Second, the jurisdictional analysis must focus on "the defendant's contacts with the forum State itself, not the defendant's contacts with persons who reside there." Id. A plaintiff "cannot be the only link between the defendant and the forum." Id. "Rather, it is the defendant's conduct that must form the necessary connection with the forum State that is the basis for its jurisdiction over him." Id. "[A] defendant's relationship with a plaintiff or third party, standing alone, is an insufficient basis for jurisdiction." Id. at 1123. "Due process requires that a defend-ant be haled into court in a forum State based on his own affiliation with the State, not based on the random, fortuitous, or attenuated' contacts he makes by interacting with other persons affiliated with the State." Id. (quoting Burger King v. Rudzewicz, 471 U.S. 462, 475 (1985).

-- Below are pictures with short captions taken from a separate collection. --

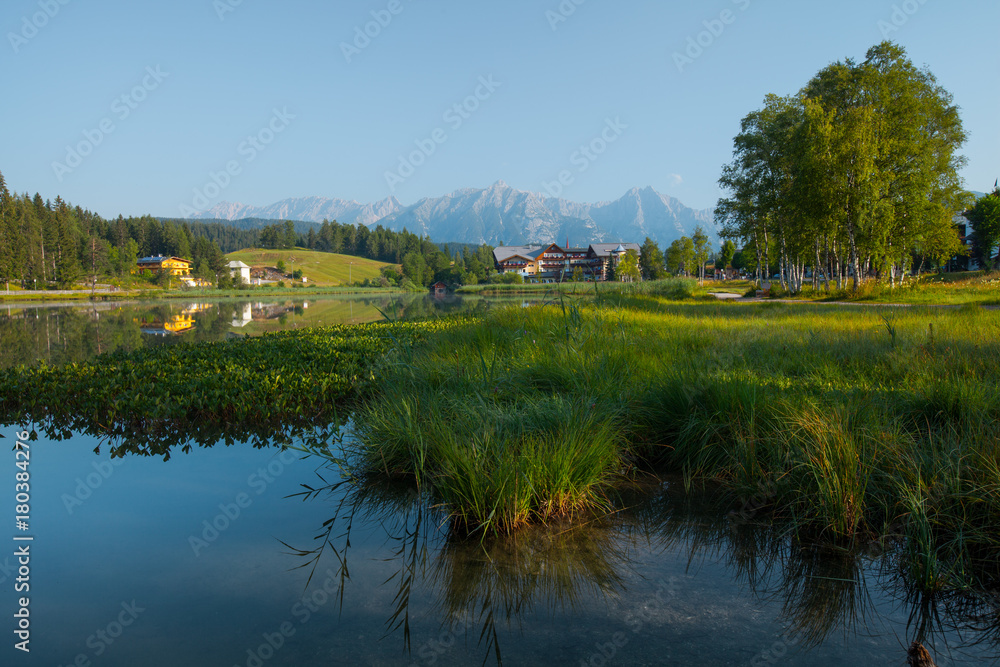 Green grass and trees on a coast of Alpine lake Seefeld, Austria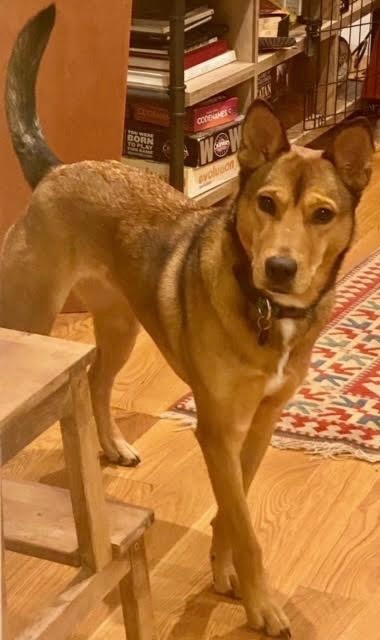 Regelmæssigt tyfon Uafhængighed Dog for adoption - Scout - in New England Foster, a German Shepherd Dog &  Shiba Inu Mix in Boston, MA | Petfinder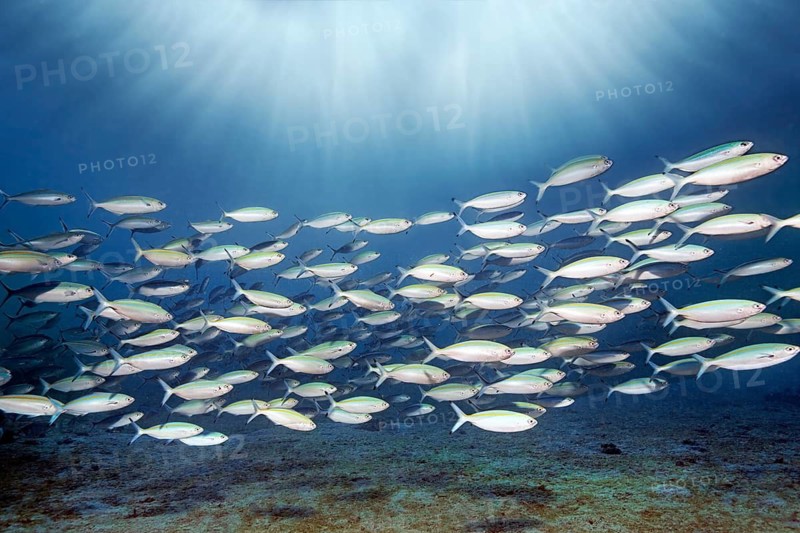 Shoal of golden-striped fusiliers (Pterocaesio chrysozona) swimming in the open sea, Red Sea, Makadi Bay, Port Safaga, Egypt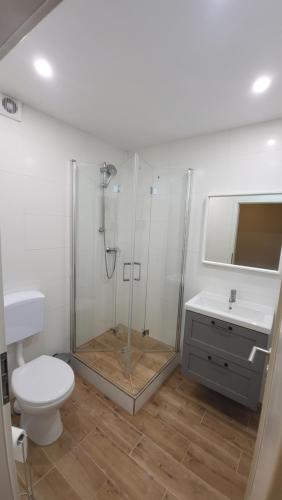 uma casa de banho com um chuveiro, um WC e um lavatório. em Zur Mühle em Lehnin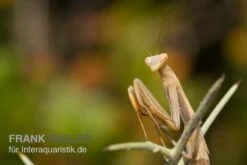 Europäische Gottesanbeterin, Mantis Religiosa 7 Europäische Gottesanbeterin, Mantis Religiosa -Sera Geschaft Europaeische Gottesanbeterin Mantis religiosa
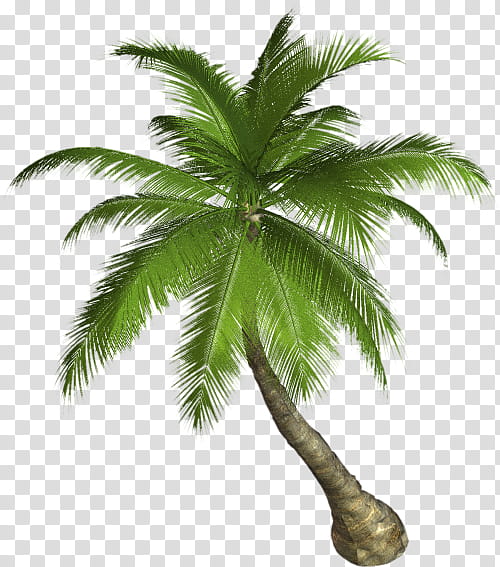 , green and brown coconut tree transparent background PNG clipart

B. Fair Play and Substantial Justice
Even if a defendant's actions created sufficient minimum contacts, the court must still consider whether the exercise of personal jurisdiction "would offend traditional notions of fair play and substantial justice." Newsome v. Gallacher, 722 F.3d 1257, 1271 (10th Cir. 2013). "Such cases are rare." Id. The defendant "must present a compelling case that the presence of some other considerations would render jurisdiction unreasonable." Burger King, 471 U.S. at 477. This analysis usually involves five factors:
(1) the burden on the defendant, (2) the forum state's interest in resolving the dispute, (3) the plaintiff's interest in receiving convenient and effective relief, (4) the interstate judicial system's interest in obtaining the most efficient resolution of controversies, and (5) the shared interest of the several states in furthering fundamental substantive social policies.
Newsome, 722 F.3d at 1271.
III. Discussion and Analysis
Guided by those legal principles, the Court now turns to Defendants Hunt and Dedmon's motion to dismiss for lack of personal jurisdiction. Because the requisite analysis depends on the underlying cause of action, the Court addresses the contract and tort claims separately.
A. Contract Claim
AgJunction brings a breach of contract claim (Count III) against Hunt and Dedmon, alleging that they breached the confidentiality provisions of their employment agreements with AgJunction.
With contract claims, courts ask whether the defendants "purposefully availed" them-selves of the privilege of conducting activities or consummating transactions in the forum state. Dudnikov v. Chalk & Vermilion Fine Arts, Inc., 514 F.3d 1063, 1071 (10th Cir. 2008). In making this determination, courts examine the parties' "prior negotiations and contemplated future consequences, along with the terms of the contract and the parties' actual course of dealing." Marcus Food Co. v. DiPanfilo, 671 F.3d 1159, 1166-67 (10th Cir. 2011). That is, the contract relied upon to establish minimum contacts must have a "substantial connection" with the forum state. TH Agric. & Nutrition, LLC v. Ace European Group Ltd., 488 F.3d 1282, 1288 (D. Kan. 2007).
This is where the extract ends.